Una de las dos sicarias a las que entrevistó el mexicano Alejandro Almazán para escribir la crónica «Las chicas Kalashnicov», llevaba dos «cuernos de chivo» a la espalda el día que la detuvieron. A diferencia de los hombres, dicen estas chicas, las mujeres que trabajan como asesinas a sueldo para los cárteles matan por dinero y no solo por placer. Por textos como este, Almazán ha sido tres veces ganador del Premio Nacional de Periodismo de México.
En «Los faraones», el periodista Diego Enrique Osorno cuenta cómo los narcos mexicanos llevan su estética hasta la tumba. En el cementerio de Culiacán, en el estado de Sinaloa, los mausoleos y catedrales de quienes sirvieron a los cárteles son construidos con mármol traído de Italia, algunos equipados con aire acondicionado y teléfono, donde muchos pobres mexicanos darían la vida por vivir. Cada ocho horas, durante el año 2008, se registró al menos una ejecución en esta ciudad; la matanza solo se detuvo brevemente en la temporada de siembra de marihuana o durante el velorio de algún narco importante, sembrado luego en este cementerio.
El periodista salvadoreño Óscar Martínez recorrió durante un año los mismos caminos que transitan los migrantes centroamericanos para llegar ilegalmente a México: subió a La Bestia –uno de los trenes de carga utilizados para cruzar la frontera–; durmió en los albergues dispuestos en el camino. En cada lugar escuchó el nombre de Los Zetas, a quienes se atribuye el secuestro y la matanza de cientos de inmigrantes que intentan entrar a México a través de la Ruta del Pacífico. A finales de 2009, Óscar fue a buscarlos al estado de Tabasco y escribió luego la crónica «Nosotros somos Los Zetas».

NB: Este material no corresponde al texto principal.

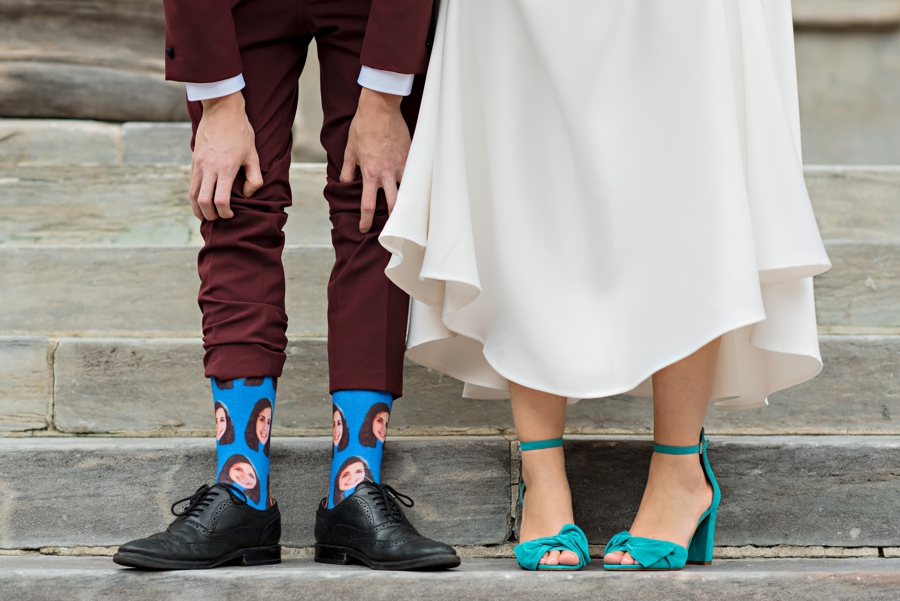 A bride in blue shoes and a groom in funny socks.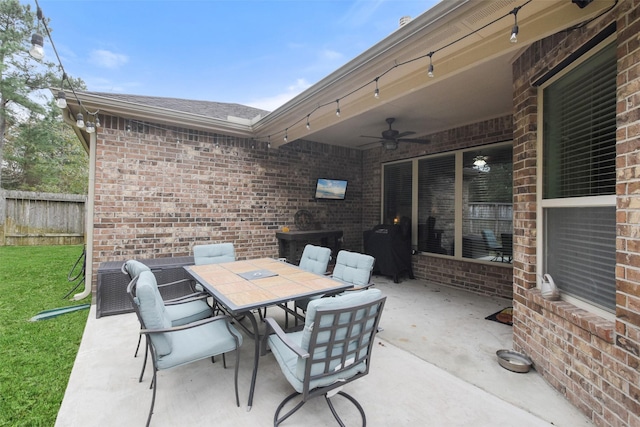 view of patio / terrace with fence, outdoor dining area, and a ceiling fan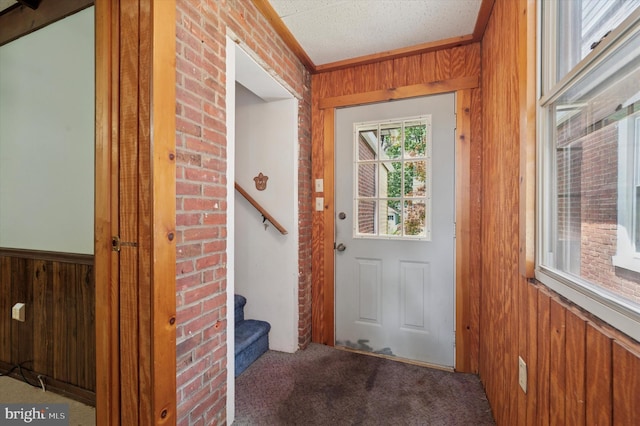 1102 Walnut, Collingdale, PA 19023 - entryway with wood walls, stairs, and carpet floors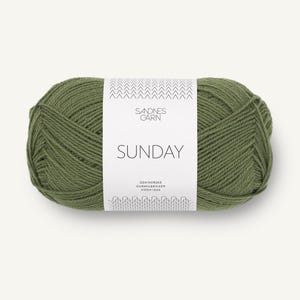 Può includere: Un gomitolo di filato verde oliva avvolto in un'etichetta di carta bianca. L'etichetta riporta il testo Sandnes Garn, Sunday e Den Norske Garnfabrikken Siden 1888, con un motivo a chevron in alto e un motivo a maglia in basso.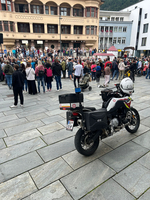 Eine Menschenmenge steht auf einem Platz, während ein Motorrad im Vordergrund parkt.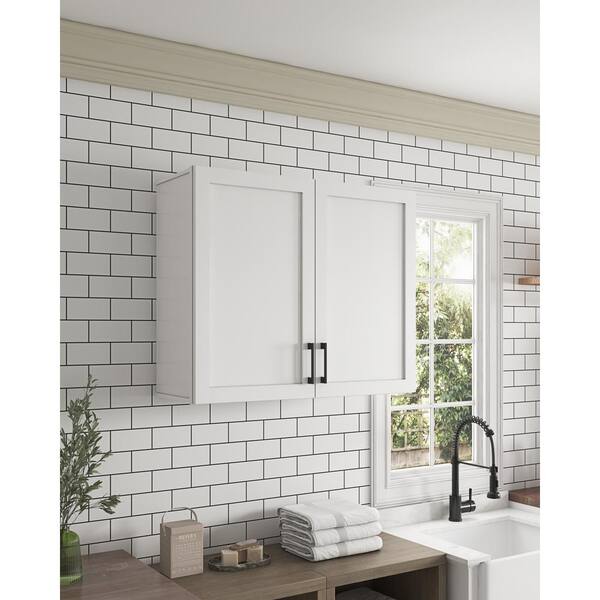 https://images.thdstatic.com/productImages/751c2918-183b-41f5-8af8-310617dd83ce/svn/white-2-pack-ove-decors-bathroom-wall-cabinets-15kwcr-caby36-0-40_600.jpg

Muchas de las víctimas de esta guerra han sido sepultadas por decenas en fosas comunes. Cada vez que las autoridades descubren alguna, los familiares de cientos de desaparecidos se agolpan a las puertas de las morgues a esperar que los patólogos identifiquen los cuerpos, como lo cuenta Marcela Turati en «La descomposición nacional». Nunca se sabe con certeza cuál de los bandos en guerra los mató.
En todas estas crónicas, publicadas en medios mexicanos y extranjeros entre los años 2009 y 2011, está dibujado el mapa de la violencia. Nuestra aspiración es que sirvan de guía a los lectores no familiarizados con el conflicto para entrar en el territorio de la narcoguerra mexicana y comenzar a entenderla, si acaso fuera posible hacerlo.